While the bill does not go far enough for this group of senators, the Pentagon and the White House called the changes included in the bill "historic."

At the Pentagon, spokesman John Kirby hailed the provisions as "an historic initiative here, removing those crimes and related crimes, the prosecution of them outside of the chain of command."

The White House called it "a historical point ... with meaningful reform of the military justice system and handling of handling of sexual assault cases."

"The President believes that this legislation takes groundbreaking steps to improve the response and ... prevention of sexual assault in the military," White House Deputy Press Secretary Karine Jean-Pierre told reporters traveling with the President to Kansas City, Missouri last week.

Other issues in the bill

On "anomalous health incidents," more colloquially known as Havana Syndrome, the bill authorizes the President to appoint a "senior official" to lead a "whole-of-government" effort to address the incidents, the summary states. The bill also creates a "Department of Defense cross functional team" to coordinate the Pentagon's response to the health incidents. The team will address "national security challenges," posed by the health incidents and ensure that those who have suffered from the incidents receive timely medical care, the bill states.

The bill directs the President to develop a classified "Grand Strategy with Respect to China," with an unclassified summary, the bill text states. It also directs DoD put together several reports on China's activities, from their military and security developments, modernization technologies for their military applications, to their strategy in Latin American and the Caribbean, the bill states.

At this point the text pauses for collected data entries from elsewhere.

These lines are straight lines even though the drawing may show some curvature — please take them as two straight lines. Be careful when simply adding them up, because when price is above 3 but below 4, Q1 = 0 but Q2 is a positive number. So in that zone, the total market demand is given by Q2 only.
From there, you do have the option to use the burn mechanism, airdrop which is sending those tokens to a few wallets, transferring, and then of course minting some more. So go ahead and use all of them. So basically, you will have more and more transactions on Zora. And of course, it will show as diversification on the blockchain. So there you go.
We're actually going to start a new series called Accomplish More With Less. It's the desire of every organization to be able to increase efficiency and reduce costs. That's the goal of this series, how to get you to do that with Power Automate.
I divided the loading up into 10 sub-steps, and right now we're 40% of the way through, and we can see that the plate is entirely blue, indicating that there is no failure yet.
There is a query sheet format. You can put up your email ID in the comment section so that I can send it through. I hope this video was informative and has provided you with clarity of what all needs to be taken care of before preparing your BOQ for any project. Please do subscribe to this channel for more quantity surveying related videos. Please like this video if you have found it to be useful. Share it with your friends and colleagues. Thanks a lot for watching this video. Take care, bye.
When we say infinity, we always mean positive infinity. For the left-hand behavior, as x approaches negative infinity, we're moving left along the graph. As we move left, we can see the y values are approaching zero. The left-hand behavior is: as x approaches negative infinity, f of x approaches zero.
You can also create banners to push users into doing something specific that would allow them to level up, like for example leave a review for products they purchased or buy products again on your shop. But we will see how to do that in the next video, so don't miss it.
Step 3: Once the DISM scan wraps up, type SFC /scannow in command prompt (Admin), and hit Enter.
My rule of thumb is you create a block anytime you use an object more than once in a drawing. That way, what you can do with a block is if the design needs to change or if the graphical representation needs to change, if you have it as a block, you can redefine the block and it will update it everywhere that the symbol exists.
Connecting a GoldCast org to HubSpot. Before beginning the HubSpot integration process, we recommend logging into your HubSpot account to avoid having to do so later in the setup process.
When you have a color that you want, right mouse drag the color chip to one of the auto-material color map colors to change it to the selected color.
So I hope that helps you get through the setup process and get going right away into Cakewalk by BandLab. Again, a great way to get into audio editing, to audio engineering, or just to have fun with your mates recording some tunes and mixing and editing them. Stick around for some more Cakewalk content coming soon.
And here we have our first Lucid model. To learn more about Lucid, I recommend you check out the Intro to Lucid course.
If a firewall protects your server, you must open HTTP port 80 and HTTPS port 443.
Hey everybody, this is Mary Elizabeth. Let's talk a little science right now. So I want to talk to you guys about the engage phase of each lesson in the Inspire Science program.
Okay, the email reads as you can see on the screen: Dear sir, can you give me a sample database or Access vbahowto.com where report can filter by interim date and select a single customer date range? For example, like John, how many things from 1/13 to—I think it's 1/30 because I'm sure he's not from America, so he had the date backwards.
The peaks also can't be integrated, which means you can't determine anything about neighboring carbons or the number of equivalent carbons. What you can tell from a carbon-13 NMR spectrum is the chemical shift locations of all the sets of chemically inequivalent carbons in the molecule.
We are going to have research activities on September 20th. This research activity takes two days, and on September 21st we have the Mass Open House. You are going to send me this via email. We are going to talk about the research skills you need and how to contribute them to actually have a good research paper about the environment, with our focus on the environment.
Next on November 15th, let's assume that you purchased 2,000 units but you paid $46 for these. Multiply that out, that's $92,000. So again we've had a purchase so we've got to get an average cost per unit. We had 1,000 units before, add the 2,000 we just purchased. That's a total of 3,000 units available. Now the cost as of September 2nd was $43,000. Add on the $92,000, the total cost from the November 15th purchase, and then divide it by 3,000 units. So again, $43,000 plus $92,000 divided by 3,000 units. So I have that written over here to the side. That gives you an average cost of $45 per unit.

On Afghanistan, the bill establishes the independent Afghanistan War Commission to "examine" the 20-year conflict, and it requires the secretary to provide "in-depth" reports to Congress about the US' ability to counter terrorism in the region, "accountability" of military equipment left in the country and "any plans" to evacuate American citizens and "Afghan allies" who are still there, the summary states.

This story and headline have been updated with additional developments Wednesday.